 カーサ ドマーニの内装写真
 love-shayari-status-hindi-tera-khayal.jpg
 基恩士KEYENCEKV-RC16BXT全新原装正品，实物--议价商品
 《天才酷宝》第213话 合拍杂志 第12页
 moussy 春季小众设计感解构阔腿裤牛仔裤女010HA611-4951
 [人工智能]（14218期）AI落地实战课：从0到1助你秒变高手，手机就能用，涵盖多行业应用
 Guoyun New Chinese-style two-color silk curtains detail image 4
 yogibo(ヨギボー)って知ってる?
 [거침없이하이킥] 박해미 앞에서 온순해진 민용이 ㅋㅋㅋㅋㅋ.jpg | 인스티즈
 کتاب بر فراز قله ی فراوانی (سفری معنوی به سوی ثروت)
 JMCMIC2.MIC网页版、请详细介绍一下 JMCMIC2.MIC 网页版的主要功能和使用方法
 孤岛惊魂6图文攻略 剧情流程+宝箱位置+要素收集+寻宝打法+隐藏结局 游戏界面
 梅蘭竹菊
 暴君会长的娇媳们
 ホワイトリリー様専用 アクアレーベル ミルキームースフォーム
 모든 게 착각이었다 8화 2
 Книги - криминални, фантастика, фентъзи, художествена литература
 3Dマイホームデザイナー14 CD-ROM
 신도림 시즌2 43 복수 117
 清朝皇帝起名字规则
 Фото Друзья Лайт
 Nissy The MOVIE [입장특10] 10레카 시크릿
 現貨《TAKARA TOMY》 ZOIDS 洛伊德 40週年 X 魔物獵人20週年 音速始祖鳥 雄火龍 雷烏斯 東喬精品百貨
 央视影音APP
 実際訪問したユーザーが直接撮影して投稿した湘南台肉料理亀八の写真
== == ==
• **TASK DETAILS**: Looking at the data above, return every line from the one with "moussy 春季小众设计感解构阔腿裤牛仔裤女010HA611-4951" down to the one with "모든 게 착각이었다 8화 2", exactly and inclusively.

• **THE COMPLETED TASK**:
 moussy 春季小众设计感解构阔腿裤牛仔裤女010HA611-4951
 [人工智能]（14218期）AI落地实战课：从0到1助你秒变高手，手机就能用，涵盖多行业应用
 Guoyun New Chinese-style two-color silk curtains detail image 4
 yogibo(ヨギボー)って知ってる?
 [거침없이하이킥] 박해미 앞에서 온순해진 민용이 ㅋㅋㅋㅋㅋ.jpg | 인스티즈
 کتاب بر فراز قله ی فراوانی (سفری معنوی به سوی ثروت)
 JMCMIC2.MIC网页版、请详细介绍一下 JMCMIC2.MIC 网页版的主要功能和使用方法
 孤岛惊魂6图文攻略 剧情流程+宝箱位置+要素收集+寻宝打法+隐藏结局 游戏界面
 梅蘭竹菊
 暴君会长的娇媳们
 ホワイトリリー様専用 アクアレーベル ミルキームースフォーム
 모든 게 착각이었다 8화 2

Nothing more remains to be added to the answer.